Opinion
March 13, 1975
Appeal from an order of the Supreme Court at Special Term, entered December 20, 1974 in Broome County, which granted a motion by the third-party defendant, Joseph T. Ryerson Son, Inc. (hereinafter Ryerson), for summary judgment dismissing the first cause of action in the third-party complaint and from the judgment entered thereon. The question is whether or not Ryerson specifically agreed to indemnify the third-party plaintiff by the following language in their contract: "(a) To be bound to the Contractor by the terms of the Agreement, General Conditions of the Contract, the Supplementary General Conditions, the Drawings and Specifications, and to assume toward him all the obligations and responsibilities that he, by those documents, assumes toward the Owner". (Emphasis added.) The particular language does not appear vague and it seems to conclusively establish that Ryerson intended only to assume whatever responsibilities the third-party plaintiff might have toward the City of Binghamton.

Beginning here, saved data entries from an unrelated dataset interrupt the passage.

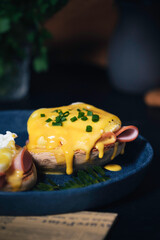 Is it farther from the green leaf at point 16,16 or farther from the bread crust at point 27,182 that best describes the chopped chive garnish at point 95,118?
the green leaf at point 16,16

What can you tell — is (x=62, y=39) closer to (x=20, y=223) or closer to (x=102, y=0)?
(x=102, y=0)

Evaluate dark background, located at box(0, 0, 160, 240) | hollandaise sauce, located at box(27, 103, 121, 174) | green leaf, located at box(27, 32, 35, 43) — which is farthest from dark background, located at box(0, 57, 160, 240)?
green leaf, located at box(27, 32, 35, 43)

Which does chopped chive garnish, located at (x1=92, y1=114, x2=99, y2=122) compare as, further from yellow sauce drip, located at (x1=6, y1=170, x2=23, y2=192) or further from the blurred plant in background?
the blurred plant in background

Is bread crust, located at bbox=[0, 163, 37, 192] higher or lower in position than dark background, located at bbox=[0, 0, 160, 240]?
higher

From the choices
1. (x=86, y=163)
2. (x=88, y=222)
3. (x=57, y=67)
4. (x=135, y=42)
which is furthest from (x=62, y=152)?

However, if the language were to be deemed vague, then the cause of action would still fail because the language was insufficient to establish in unequivocal terms an unmistakable intention to completely indemnify the third-party plaintiff for all negligent injuries caused by the operations of Ryerson ( Margolin v. New York Life Ins. Co., 32 N.Y.2d 149; cf. Levine v. Shell Oil Co., 28 N.Y.2d 205). It should be further observed that if there was an ambiguity, under the circumstances, it was a question to be resolved by the court and not by the jury. Order and judgment affirmed, without costs. Herlihy, P.J., Sweeney, Kane, Main and Larkin, JJ., concur.